In recent years, challenges have emerged as a means of crowdsourcing machine learning. Naturally, some organizers have started trying to automate the process of participation in competitions in order to save time and maximize profit.
CodaLab Competitions, an open-source challenge platform, has made it possible to easily organize machine learning challenges with code submission. Running on Microsoft Azure, the platform provides free compute time and enables unbiased evaluation by executing submitted code in the same condition for all participants; and making it possible for the AutoML Challenge to test whether machine learning code could operate without any human intervention under strict execution time and memory usage constraints.
The AutoML Challenge took place from 2014 to 2016, over the course of 18 months. The challenge participants worked to develop fully automatic “black-box” learning machines for feature-based classification and regression problems. Over the course of 5 consecutive rounds, the participants were exposed to 30 datasets from a wide variety of application domains. In each new round, the participants’ code underwent a blind test on 5 new datasets. Several teams succeeded in delivering real AutoML software capable of being trained and tested without human intervention in 20 minutes of time on an 8-core machine. This was regardless of the type of dataset, which included a wide range in level of complexity.
Participants could also enter the challenge without submitting code by running the learning machines on their own local computers and submitting only results: Following each AutoML phase, the newly introduced datasets were released (labeled training data and unlabeled validation and test data), and the participants were able to manually tune their models for over a month during “Tweakathon” phases. We have more details on the solutions and what we learned in a paper, which will be presented at the ICML AutoML workshop.

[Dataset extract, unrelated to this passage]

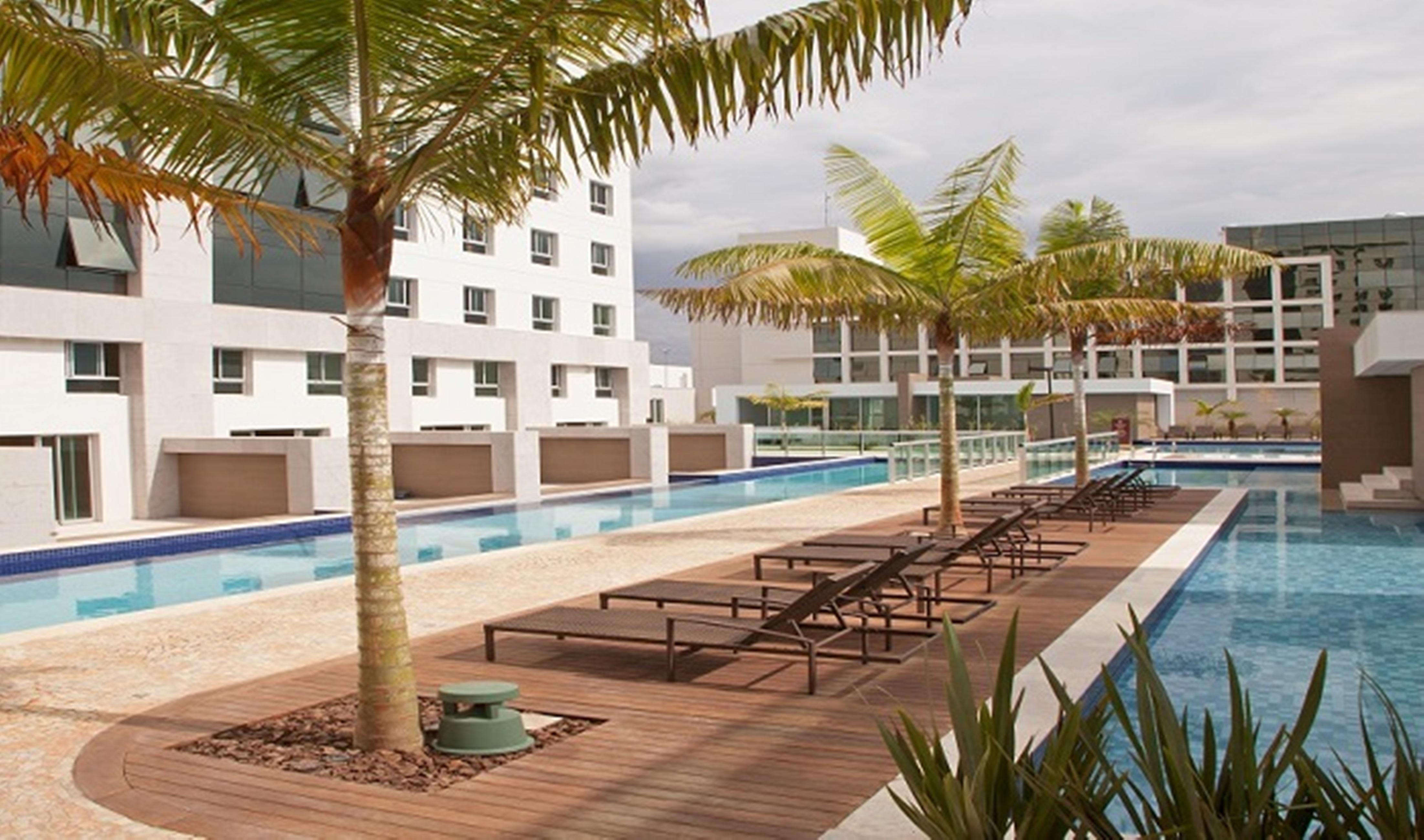 Jade Hotel Brasilia Candangolandia 외부 사진 The swimming pool at the hotel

When we look closely at the results of the challenge, we can see that there is still significant room for improvement. For one thing, there’s a significant gap between Tweakathon and AutoML results, indicating that the “automatic” algorithms can be further optimized. Nonetheless, this challenge has resulted in a leap forward for the field in terms of automation.
Please join us in congratulating the AutoML Challenge winners. By making their solution publicly available, AAD Freiburg has set a great precedent. We are grateful for their contribution. Imagine what the impact to the data science industry would be if all the successful software were shared.
If you missed the challenge, or just want to know more about the details, the winners’ code and the presentation material from several satellite events (hackathons and workshops) are available at ChaLearn’s website. By the way, if you think you can beat the winners, the CodaLab platform remains open for post challenge submissions!